6.29.2009
Imaginemos que há sitios que funcionam como um palco
foto Greg Williams
outros como uma passerele. Naquela rua vivem banqueiros, há uma modelo linda com pernas até ao céu que passa todos os dias, editoras de moda, actores, presidentes de empresas, vagabundos, estudantes de arte, secretárias, turistas, avozinhas com netos. Melhor dizendo, toda a gente passa naquela rua. Porque qualquer pessoa que more ou visite a cidade há-de, obrigatoriamente, descer ou subir a calçada sem carros, talvez apressadamente ou em passo lento, saboreando as montras ou procurando o anonimato em passadas largas e óculos escuros. O que quer dizer que poderemos também nós sentarmo-nos nos degraus da igreja [como os que cospem fogo e tocam musica em troco de moedas] e esperar pacientemente por alguém que procuramos e não encontramos.
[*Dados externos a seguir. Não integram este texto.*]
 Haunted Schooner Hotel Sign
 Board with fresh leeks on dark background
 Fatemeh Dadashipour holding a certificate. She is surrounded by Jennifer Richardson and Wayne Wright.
Mais tarde ou mais cedo essa pessoa há-de passar por ali, isso é garantido.
Reparei nela pelos sapatos primeiro. Eram brancos e ponteagudos, de salto alto e conjugados com peugas azuis de riscas amarelas. Também isto não está correcto. Comecei por reparar nos lábios que pareciam esborratados numa figura com alguma dignidade. Só depois é que me virei para os sapatos, para a garrafa de whisky que levava na mão direita, destapada, para as pernas cheias de marcas e pensei "quando terá esta desistido da vida?" mas sabendo tão bem que estava mesmo a perguntar "quando irei eu desistir da vida?"